# [TASK BRIEF]
Tell me how many lines in the entries below contain the word "Building"; reply with the number and nothing else.

+---+

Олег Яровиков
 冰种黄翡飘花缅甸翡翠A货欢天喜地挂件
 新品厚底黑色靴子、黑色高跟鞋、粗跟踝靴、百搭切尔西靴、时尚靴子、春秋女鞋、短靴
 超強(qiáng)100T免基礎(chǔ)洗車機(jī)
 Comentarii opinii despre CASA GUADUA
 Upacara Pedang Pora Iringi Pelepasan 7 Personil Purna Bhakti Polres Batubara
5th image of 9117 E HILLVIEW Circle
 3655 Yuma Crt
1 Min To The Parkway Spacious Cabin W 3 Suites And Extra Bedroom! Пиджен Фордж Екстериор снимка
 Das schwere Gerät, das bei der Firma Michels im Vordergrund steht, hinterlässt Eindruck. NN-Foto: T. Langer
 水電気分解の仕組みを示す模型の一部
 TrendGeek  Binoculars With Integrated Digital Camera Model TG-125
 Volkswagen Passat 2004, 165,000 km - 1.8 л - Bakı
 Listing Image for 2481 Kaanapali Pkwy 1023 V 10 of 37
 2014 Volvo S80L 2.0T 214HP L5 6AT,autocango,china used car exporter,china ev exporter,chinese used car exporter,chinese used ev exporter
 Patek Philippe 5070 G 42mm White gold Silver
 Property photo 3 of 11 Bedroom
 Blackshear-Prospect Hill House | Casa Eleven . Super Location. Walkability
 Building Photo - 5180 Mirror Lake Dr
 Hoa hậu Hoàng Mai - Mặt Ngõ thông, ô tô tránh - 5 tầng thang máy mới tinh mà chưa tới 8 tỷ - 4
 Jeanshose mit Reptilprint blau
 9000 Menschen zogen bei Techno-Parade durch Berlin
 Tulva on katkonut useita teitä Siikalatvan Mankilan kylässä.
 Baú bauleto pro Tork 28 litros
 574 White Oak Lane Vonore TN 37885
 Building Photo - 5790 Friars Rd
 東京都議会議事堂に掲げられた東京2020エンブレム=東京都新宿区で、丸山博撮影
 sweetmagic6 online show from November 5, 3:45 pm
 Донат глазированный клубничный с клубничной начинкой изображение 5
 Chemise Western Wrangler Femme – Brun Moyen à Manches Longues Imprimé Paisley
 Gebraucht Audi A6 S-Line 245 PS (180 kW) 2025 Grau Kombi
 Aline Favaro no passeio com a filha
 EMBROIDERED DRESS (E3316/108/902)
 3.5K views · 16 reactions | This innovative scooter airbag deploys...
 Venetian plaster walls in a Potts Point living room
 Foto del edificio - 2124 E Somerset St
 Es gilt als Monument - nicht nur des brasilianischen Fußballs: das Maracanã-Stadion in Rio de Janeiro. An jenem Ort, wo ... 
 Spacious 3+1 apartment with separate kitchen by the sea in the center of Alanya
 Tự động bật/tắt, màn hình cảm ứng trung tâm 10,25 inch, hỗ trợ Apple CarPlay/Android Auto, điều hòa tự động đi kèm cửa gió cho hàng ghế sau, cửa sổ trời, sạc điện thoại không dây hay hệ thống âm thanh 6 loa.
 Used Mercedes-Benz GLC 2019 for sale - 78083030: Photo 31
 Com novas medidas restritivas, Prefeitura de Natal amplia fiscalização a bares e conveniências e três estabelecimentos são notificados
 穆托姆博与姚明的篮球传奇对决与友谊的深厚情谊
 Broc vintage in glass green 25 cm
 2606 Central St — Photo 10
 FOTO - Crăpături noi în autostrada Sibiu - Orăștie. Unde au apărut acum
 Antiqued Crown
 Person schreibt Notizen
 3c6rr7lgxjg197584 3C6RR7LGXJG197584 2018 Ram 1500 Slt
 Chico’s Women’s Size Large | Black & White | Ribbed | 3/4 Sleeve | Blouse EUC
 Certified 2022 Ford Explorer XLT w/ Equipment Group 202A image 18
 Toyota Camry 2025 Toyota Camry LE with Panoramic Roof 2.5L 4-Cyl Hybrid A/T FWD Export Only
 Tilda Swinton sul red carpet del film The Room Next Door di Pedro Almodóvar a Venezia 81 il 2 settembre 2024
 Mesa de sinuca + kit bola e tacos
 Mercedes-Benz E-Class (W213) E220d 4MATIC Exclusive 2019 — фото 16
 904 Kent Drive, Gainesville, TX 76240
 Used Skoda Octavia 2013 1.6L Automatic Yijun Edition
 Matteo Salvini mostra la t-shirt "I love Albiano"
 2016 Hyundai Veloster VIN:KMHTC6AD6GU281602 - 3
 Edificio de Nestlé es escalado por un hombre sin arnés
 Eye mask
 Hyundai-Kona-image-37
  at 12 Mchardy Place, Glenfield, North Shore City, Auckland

+---+

# [REPLY TO THE EXERCISE]
2